What you have to do = Reproduction of part of the material below, pictures omitted: copy exactly, and only, the lines starting with the one with "The Just Two" and going on through the one with "A house with".

Material for the task =
----------
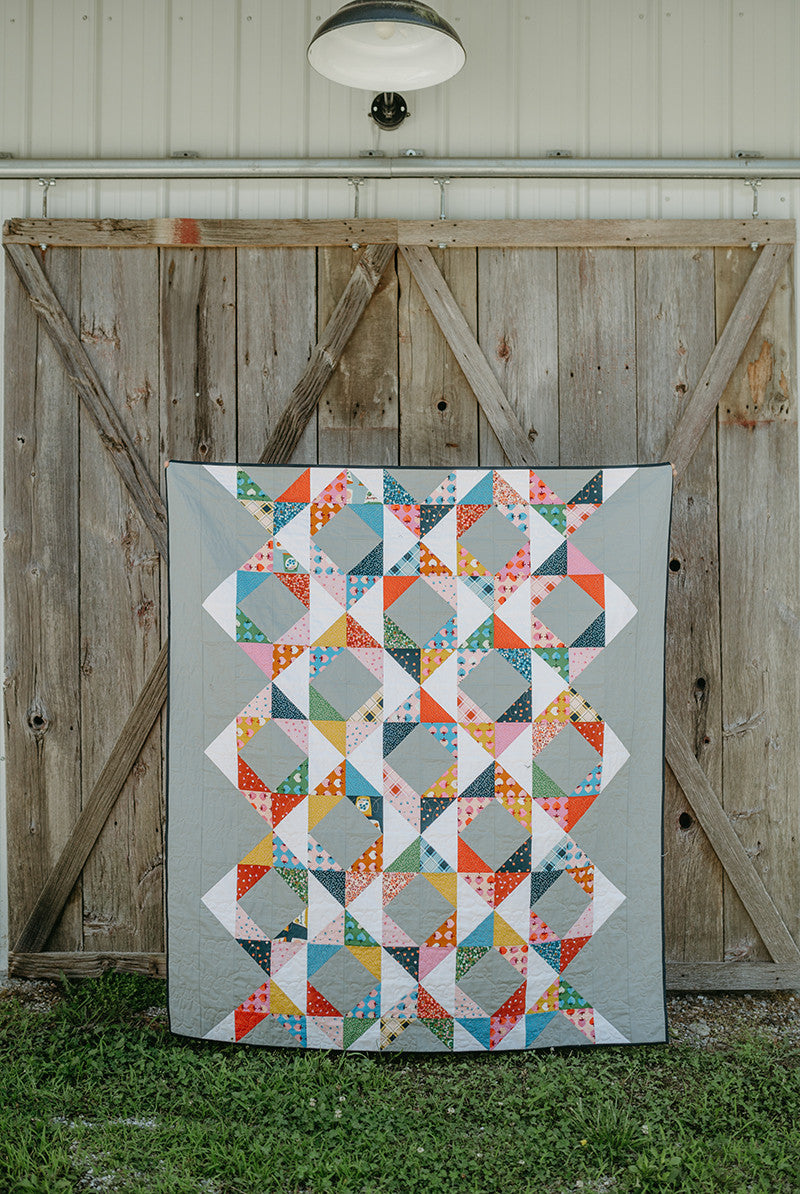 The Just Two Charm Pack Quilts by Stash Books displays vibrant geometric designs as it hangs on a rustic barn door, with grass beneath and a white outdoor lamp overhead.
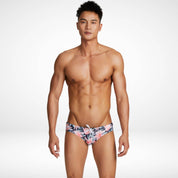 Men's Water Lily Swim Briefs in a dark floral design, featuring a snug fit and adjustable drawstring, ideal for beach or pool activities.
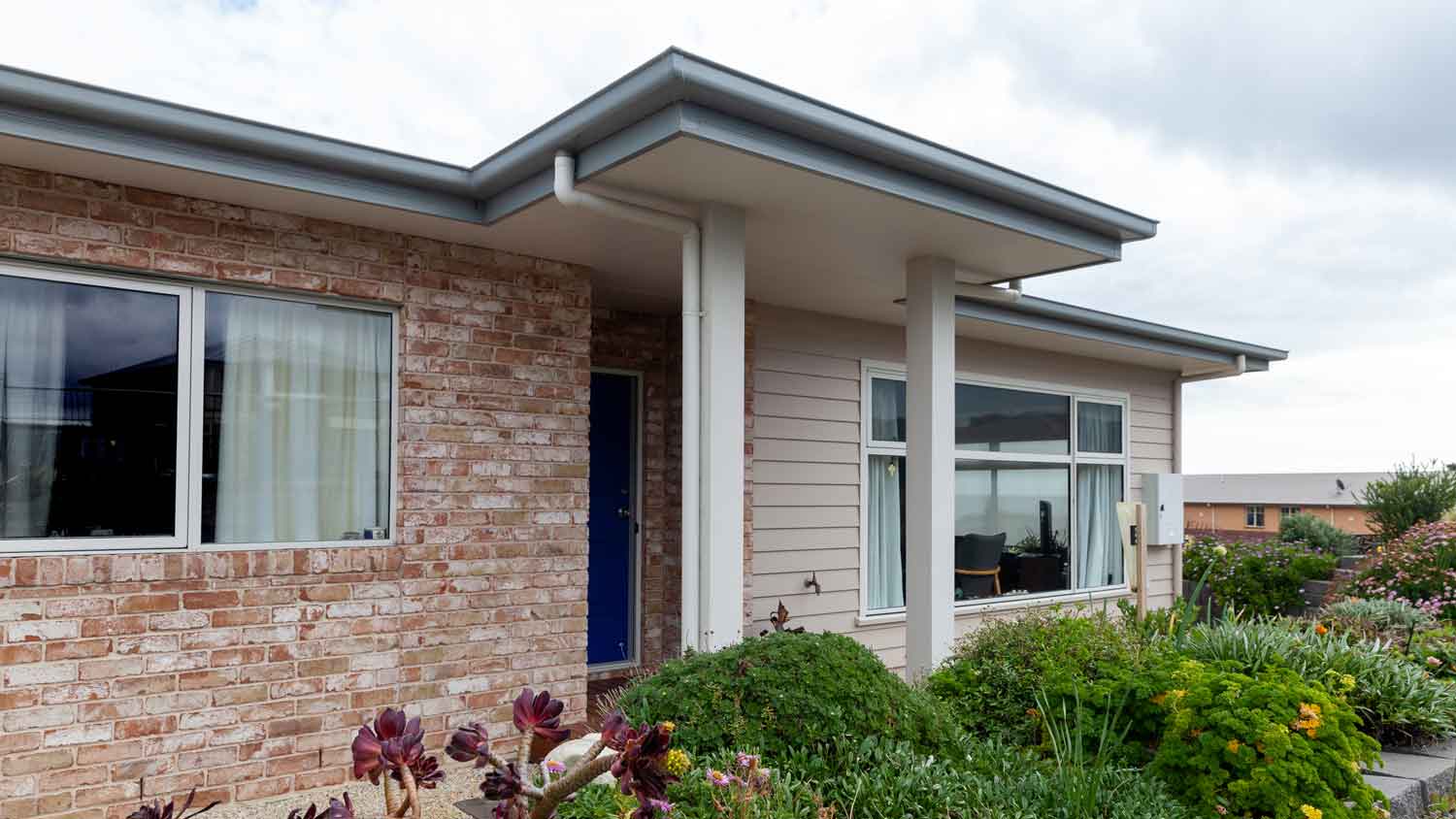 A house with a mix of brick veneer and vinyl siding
----------
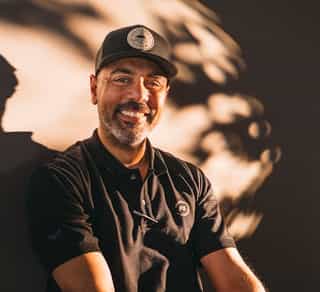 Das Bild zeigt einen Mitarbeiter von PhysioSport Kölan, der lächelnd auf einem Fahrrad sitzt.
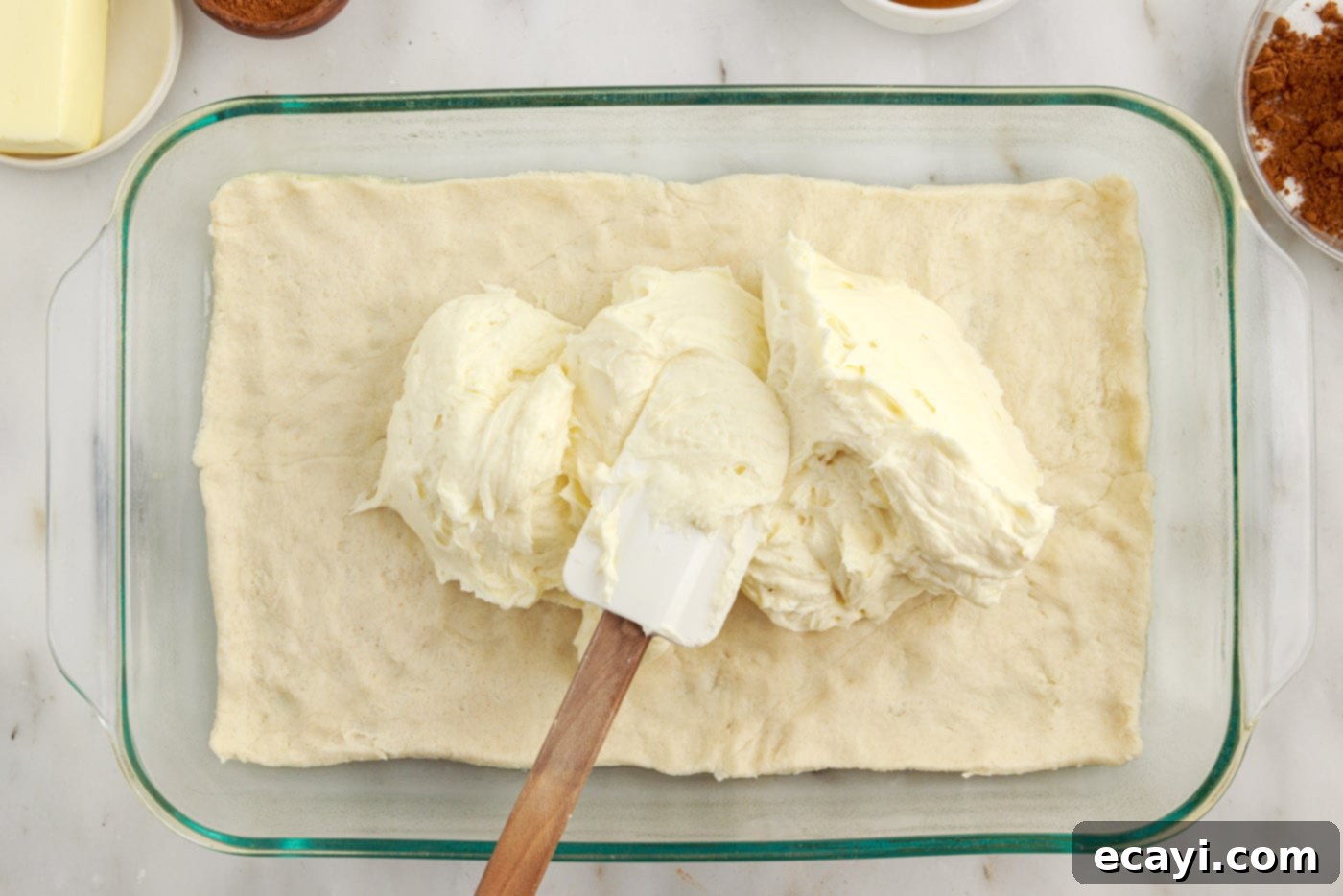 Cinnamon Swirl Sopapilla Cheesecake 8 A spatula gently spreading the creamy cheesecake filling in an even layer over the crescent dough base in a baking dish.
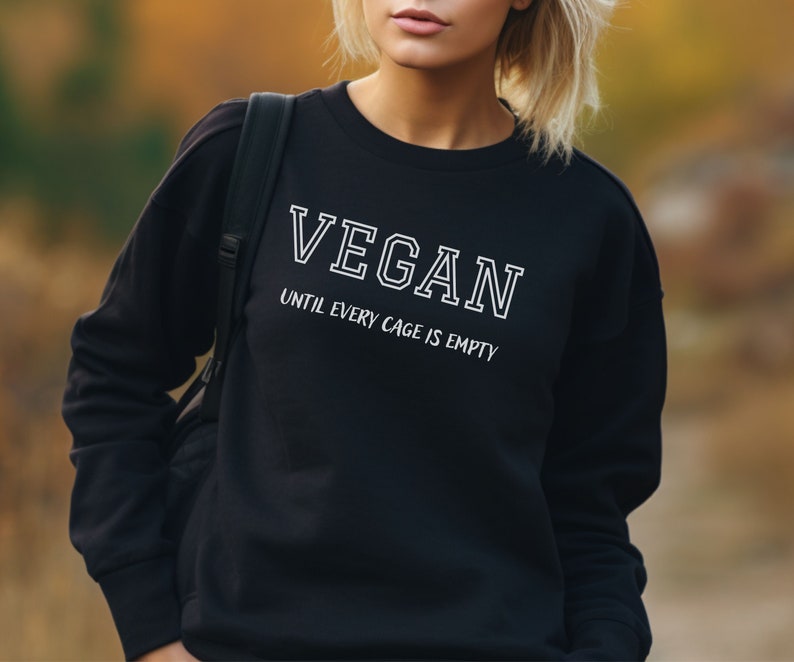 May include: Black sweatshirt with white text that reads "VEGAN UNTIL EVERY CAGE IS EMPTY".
----------
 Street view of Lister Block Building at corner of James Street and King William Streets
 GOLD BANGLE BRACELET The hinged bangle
----------
Expected answer =
 The Just Two Charm Pack Quilts by Stash Books displays vibrant geometric designs as it hangs on a rustic barn door, with grass beneath and a white outdoor lamp overhead.
 Men's Water Lily Swim Briefs in a dark floral design, featuring a snug fit and adjustable drawstring, ideal for beach or pool activities.
 A house with a mix of brick veneer and vinyl siding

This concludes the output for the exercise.